- ABOUT THIS EXERCISE -
Transcribe, without any alteration, only the lines that begin at the line containing "A Pair of Wooden" and run to the last line below.
INPUT DATA Start Marker
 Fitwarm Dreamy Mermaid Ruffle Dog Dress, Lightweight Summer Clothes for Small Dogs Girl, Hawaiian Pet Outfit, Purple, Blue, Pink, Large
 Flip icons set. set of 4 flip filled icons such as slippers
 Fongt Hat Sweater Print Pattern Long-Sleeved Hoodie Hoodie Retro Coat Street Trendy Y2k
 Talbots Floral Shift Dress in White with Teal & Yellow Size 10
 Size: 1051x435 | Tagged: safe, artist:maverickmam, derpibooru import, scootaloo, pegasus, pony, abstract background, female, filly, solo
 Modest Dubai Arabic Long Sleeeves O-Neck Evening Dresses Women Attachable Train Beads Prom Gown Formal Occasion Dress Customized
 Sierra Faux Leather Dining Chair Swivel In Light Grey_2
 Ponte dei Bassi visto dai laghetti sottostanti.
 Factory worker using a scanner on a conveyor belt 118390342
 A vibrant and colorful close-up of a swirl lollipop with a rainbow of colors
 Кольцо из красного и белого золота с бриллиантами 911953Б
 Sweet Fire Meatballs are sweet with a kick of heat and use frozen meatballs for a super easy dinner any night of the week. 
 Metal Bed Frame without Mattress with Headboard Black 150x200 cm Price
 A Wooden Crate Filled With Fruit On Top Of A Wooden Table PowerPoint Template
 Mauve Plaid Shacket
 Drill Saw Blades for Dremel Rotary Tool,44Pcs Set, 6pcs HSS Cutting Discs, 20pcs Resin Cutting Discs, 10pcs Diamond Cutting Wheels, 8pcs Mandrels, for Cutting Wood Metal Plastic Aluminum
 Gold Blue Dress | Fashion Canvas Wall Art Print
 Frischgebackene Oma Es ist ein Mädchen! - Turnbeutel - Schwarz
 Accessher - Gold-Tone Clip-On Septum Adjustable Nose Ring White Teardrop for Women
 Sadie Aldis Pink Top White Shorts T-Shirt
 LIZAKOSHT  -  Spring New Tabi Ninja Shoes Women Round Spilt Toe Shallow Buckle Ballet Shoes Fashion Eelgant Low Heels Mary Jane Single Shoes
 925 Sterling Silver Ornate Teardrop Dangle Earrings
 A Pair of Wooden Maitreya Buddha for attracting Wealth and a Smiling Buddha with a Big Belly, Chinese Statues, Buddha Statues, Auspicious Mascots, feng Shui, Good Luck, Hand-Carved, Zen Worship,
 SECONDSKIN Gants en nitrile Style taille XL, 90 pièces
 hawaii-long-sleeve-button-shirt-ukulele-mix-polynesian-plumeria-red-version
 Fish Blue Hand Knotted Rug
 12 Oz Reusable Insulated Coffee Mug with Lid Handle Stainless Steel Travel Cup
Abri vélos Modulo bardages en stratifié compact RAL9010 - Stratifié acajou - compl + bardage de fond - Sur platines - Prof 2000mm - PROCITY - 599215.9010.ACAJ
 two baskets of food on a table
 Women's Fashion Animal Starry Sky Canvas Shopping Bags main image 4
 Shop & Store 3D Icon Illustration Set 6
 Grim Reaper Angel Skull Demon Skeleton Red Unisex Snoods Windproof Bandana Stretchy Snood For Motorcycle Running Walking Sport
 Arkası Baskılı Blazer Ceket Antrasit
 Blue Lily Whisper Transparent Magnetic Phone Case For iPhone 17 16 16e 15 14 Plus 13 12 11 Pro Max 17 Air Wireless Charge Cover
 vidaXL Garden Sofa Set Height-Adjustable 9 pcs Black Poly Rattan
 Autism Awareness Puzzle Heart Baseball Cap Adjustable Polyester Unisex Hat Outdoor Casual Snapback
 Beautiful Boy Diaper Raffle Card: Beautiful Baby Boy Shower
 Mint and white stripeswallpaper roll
INPUT DATA End Marker
- EXPECTED ANSWER -
 A Pair of Wooden Maitreya Buddha for attracting Wealth and a Smiling Buddha with a Big Belly, Chinese Statues, Buddha Statues, Auspicious Mascots, feng Shui, Good Luck, Hand-Carved, Zen Worship,
 SECONDSKIN Gants en nitrile Style taille XL, 90 pièces
 hawaii-long-sleeve-button-shirt-ukulele-mix-polynesian-plumeria-red-version
 Fish Blue Hand Knotted Rug
 12 Oz Reusable Insulated Coffee Mug with Lid Handle Stainless Steel Travel Cup
Abri vélos Modulo bardages en stratifié compact RAL9010 - Stratifié acajou - compl + bardage de fond - Sur platines - Prof 2000mm - PROCITY - 599215.9010.ACAJ
 two baskets of food on a table
 Women's Fashion Animal Starry Sky Canvas Shopping Bags main image 4
 Shop & Store 3D Icon Illustration Set 6
 Grim Reaper Angel Skull Demon Skeleton Red Unisex Snoods Windproof Bandana Stretchy Snood For Motorcycle Running Walking Sport
 Arkası Baskılı Blazer Ceket Antrasit
 Blue Lily Whisper Transparent Magnetic Phone Case For iPhone 17 16 16e 15 14 Plus 13 12 11 Pro Max 17 Air Wireless Charge Cover
 vidaXL Garden Sofa Set Height-Adjustable 9 pcs Black Poly Rattan
 Autism Awareness Puzzle Heart Baseball Cap Adjustable Polyester Unisex Hat Outdoor Casual Snapback
 Beautiful Boy Diaper Raffle Card: Beautiful Baby Boy Shower
 Mint and white stripeswallpaper roll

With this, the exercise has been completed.